Gamma Ray Line Constraints on Effective Theories of Dark Matter
Jessica Goodman, Masahiro Ibe, Arvind Rajaraman, William Shepherd, Tim, M.P. Tait, Hai-Bo Yu

TL;DR
This paper examines how gamma ray line searches constrain dark matter theories, showing that null results limit dark matter interactions more stringently than some collider experiments.
Contribution
It compares gamma ray line search results with effective dark matter interaction models, highlighting the constraints these null results impose on dark matter theories.
Findings
Gamma ray line searches set significant constraints on dark matter interactions.
Null results are more restrictive than collider constraints in some scenarios.

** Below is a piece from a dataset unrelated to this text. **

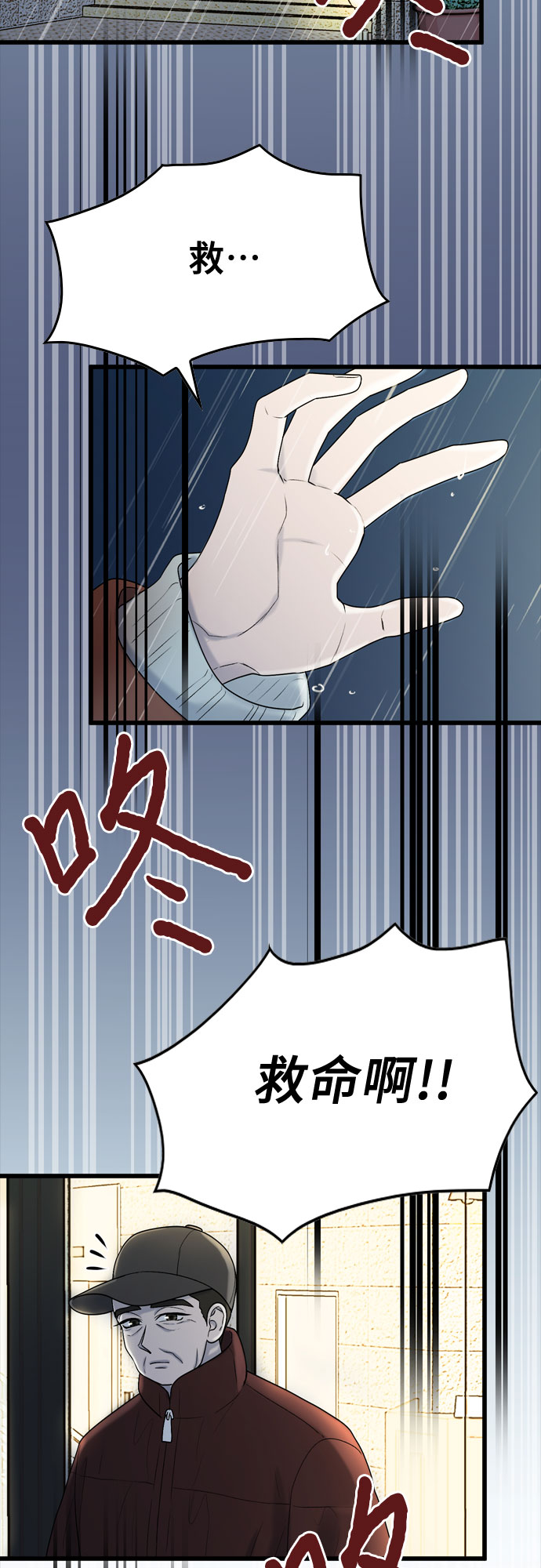 第19话47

Constraints are complementary to other observational bounds.
Abstract
A monochromatic gamma ray line results when dark matter particles in the galactic halo annihilate to produce a two body final state which includes a photon. Such a signal is very distinctive from astrophysical backgrounds, and thus represents an incisive probe of theories of dark matter. We compare the recent null results of searches for gamma ray lines in the galactic center and other regions of the sky with the predictions of effective theories describing the interactions of dark matter particles with the Standard Model. We find that the null results of these searches provide constraints on the nature of dark matter interactions with ordinary matter which are complementary to constraints from other observables, and stronger than collider constraints in some cases.